先日、超一流クライアントから給食委託契約(社員食堂)の契約解除を通知された。メールか封書で通知してくれればいいのだが、対面で直接伝えたいと一流の心遣いをしてくださったので一級建築士設計の一流の作りのビルで会うことになった。なお当社上層部は同行を拒否した。嫌な話は聞きたくないそうです。二流だ。

一流ブランドのスーツを着た担当者からあらためて説明を受けた。説明をされても解約は解約である。話を聞いて「そうですか」と肩を落とした。同行した部下は沈痛な表情を浮かべていた。当該部下は一流沈痛マン。
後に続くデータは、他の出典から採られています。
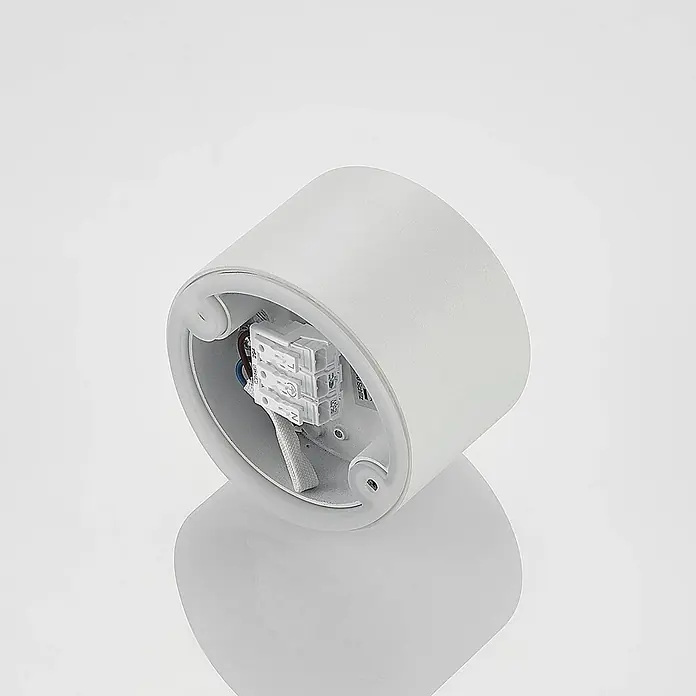 Arcchio Deckenstrahler Nieva - weiß / opal, weiß / opal, 2GX53 - Weißer zylindrischer Aufbauleuchte mit sichtbaren internen Elektroanschlüssen zur Installation.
沈痛な表情に定評があるので連れてきたのである。重苦しいムードを作り上げてくれる当社の切り札だ。「何とかなりませんか」とあがいてみた。担当者は「解約条項に則った解約です。決定事項です」と冷たく言い放った。隙のない一流の回答。次の業者は決まっていて、すでに裏では動いているという話だった。一流は裏工作も一流だ。「わかりました」僕はため息をついた。一流のため息に見えていただろうか。
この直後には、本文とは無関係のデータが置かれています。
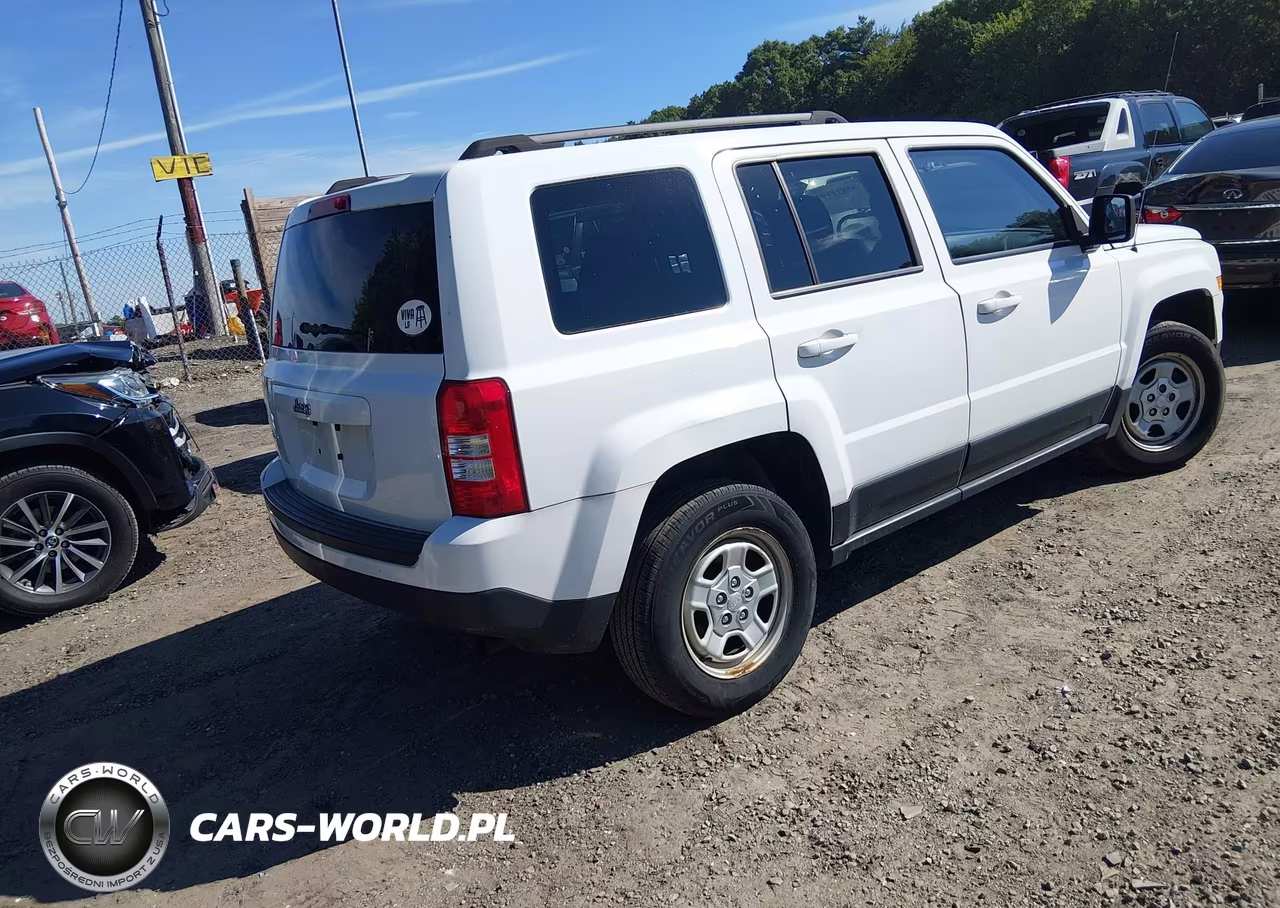 2015 Jeep Patriot Sport VIN:1C4NJRBB7FD225832 - 4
その超一流クライアントとの付き合いは苦労の連続だった。要求は高く、無理難題も多かった。それでも二流企業な〜り〜に〜精一杯応えてきたつもりだ。こちらからも、昨年から、昨今の社会情勢に合わせて値上げの申請もしてきた。収益が出なければビジネスとして成立しない。だが相手は超一流。喪失したら大きい。だからギリギリに収益が見込めるラインの数字でお願いした。しかしこれらのお願いは受け入れられなかった。「当社も苦しいんですよ」と担当者は説明した。春闘で当該超一流クライアントの賃上げ満額回答が報道されていた。超一流クライアントが販売する商品への価格転嫁、大幅な価格アップも発表された。こういうムーブができるから一流なのだ。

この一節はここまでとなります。